Erst durch diesen Effekt der overconfidence sei es möglich, dass an den Börsen so viele Käufer und Verkäufer zusammenkämen - im festen Glauben, jeweils der andere mache ein schlechtes Geschäft. Besonders anfällig für diese naive Überheblichkeit sind übrigens Männer, wie der US-Ökonom Terrance Odean, einer der Pioniere der behavioral finance, bei der Auswertung von 35 000 Depots einer Bank festgestellt hat.

Obwohl die Finanzpsychologen den Anlegern bescheinigen, dass sie häufig irrational handeln, sind ihre Fehler vorhersehbar. "Und wenn man ein Verhalten vorwegnehmen kann, dann kann man auch davon profitieren", sagt Joachim Goldberg, Leiter der Abteilung Behavioral Finance, die die Deutsche Bank eingerichtet hat. Der umtriebige Banker beschäftigt sich schon seit Jahren geradezu leidenschaftlich mit diesem Forschungszweig. Fondsmanager und vermögende Kunden der Deutschen Bank lauschen seinen Vorträgen mittlerweile gerne. Goldberg organisierte auch jene Konferenz in Frankfurt, in deren Rahmen der Psycho-Test stattfand. Außerdem verfasste er zusammen mit dem Aachener Betriebswirtschaftsprofessor Rüdiger von Nitzsch eine Einführung in den Finanz-Behaviorismus, die helfen soll, typische Fehler zu vermeiden.

Selbst in den Vereinigten Staaten nutzen Investmentfonds wie der Behavioral Value Fund bereits die neuen Forschungserkenntnisse. Doch Thomas Gilovich, Psychologieprofessor am Center for Behavioral Economics and Decision Research der Cornell-Universität, dämpft hoch gesteckte Erwartungen. "Auch wenn Sie wissen, dass zwei Linien gleich lang sind, können Sie sich einer optischen Täuschung einfach nicht entziehen."

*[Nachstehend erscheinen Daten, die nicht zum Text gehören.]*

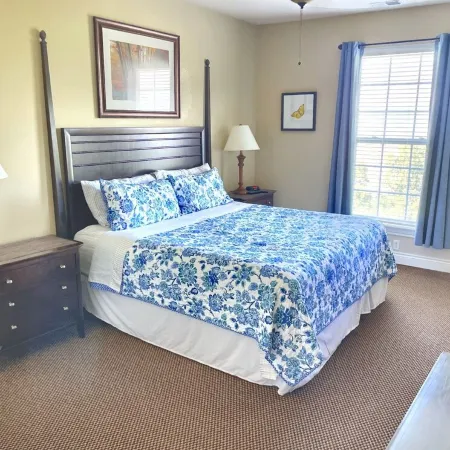 Gorgeous and Large Condo, Elevator, Pool, Ozark Views! Close to Branson strip!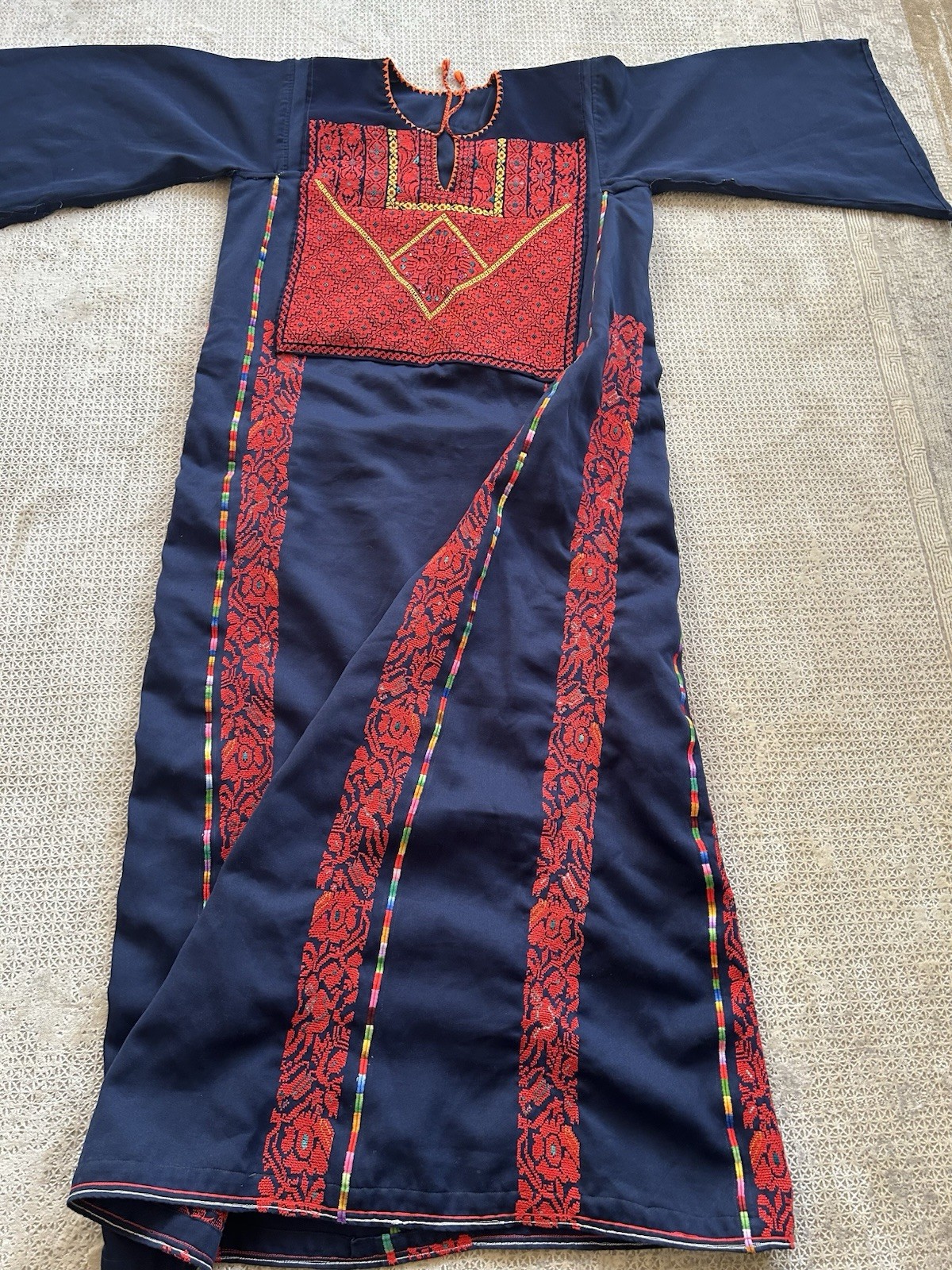 Vintage Palestinian Thobe – Hand-Embroidered Arabic Dress (boy Swinging Motif)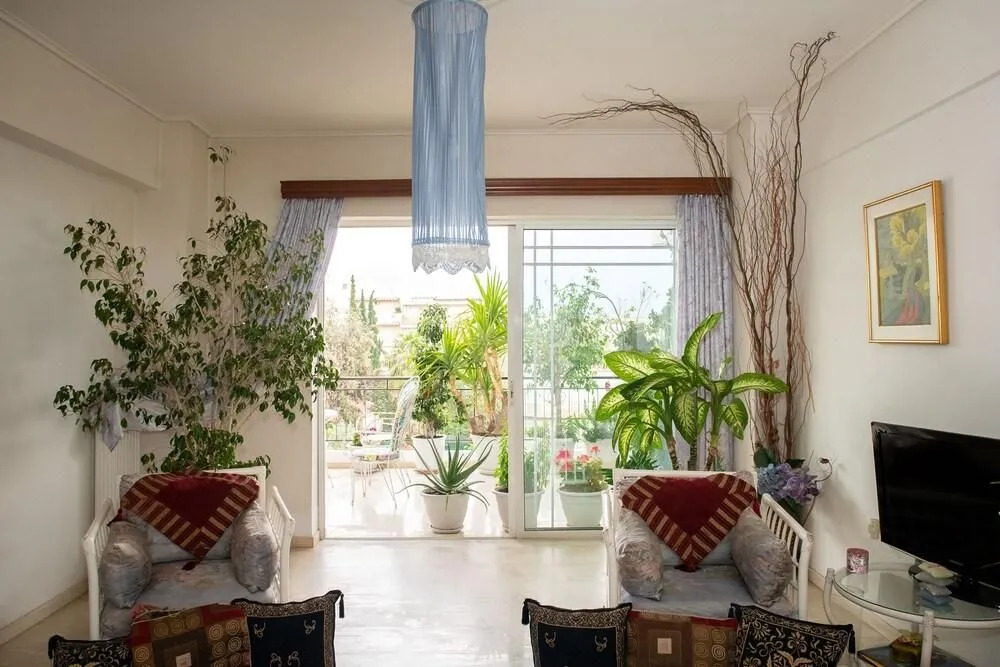 Bright Comfy Flat near Beach & City Center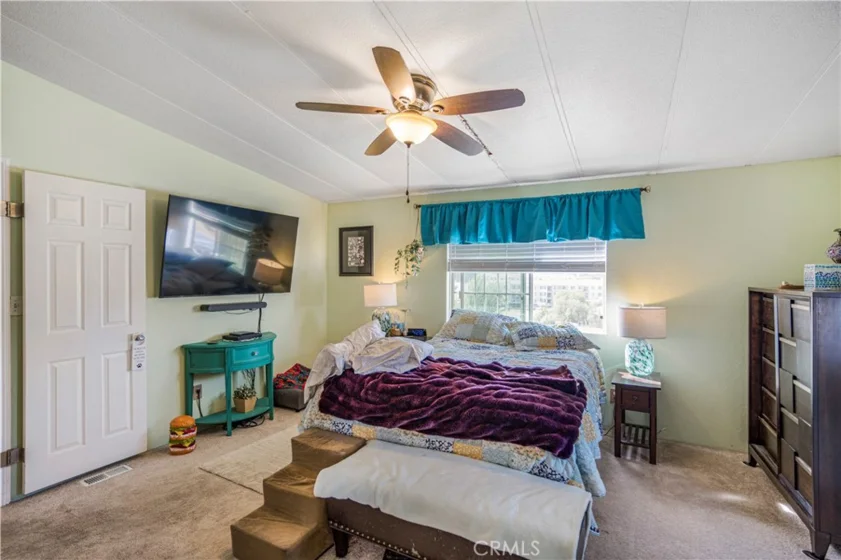 25210 Catalina photo 19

© beim Autor/DIE ZEIT 1999 Nr. 41

Techno - Sonntag, 31. Oktober 1999 - 15:05
Dieser Aufsatz aus der Zeit ist eigentlich DIE Existenzberechtigung schlechthin für technische Aktienanalyse. Von dem Autor wird treffend auf den Punkt gebracht, was Grundphilosophie der Charttechnik ist: Kein Mensch - auch kein Anleger - handelt immer rational - es gibt den Homo Oeconomicus schlichtweg nicht!
Was die Börsenkurse beeinflußt sind Psychologie und das Verhalten der Marktteilnehmer - dieses zu messen und (mehr oder weniger) erfolgreich vorherzusehen ist Aufgabe der (Chart-) Technik.
Provokante These, oder? Was meint Ihr?

isabellaflora - Donnerstag, 7. Juli 2005 - 17:27
Mit diesem kleinen thread, mit den letzten Beiträgen von 1999, kann ich eigentlich nur den heutigen Börsentag beschliessen ;-)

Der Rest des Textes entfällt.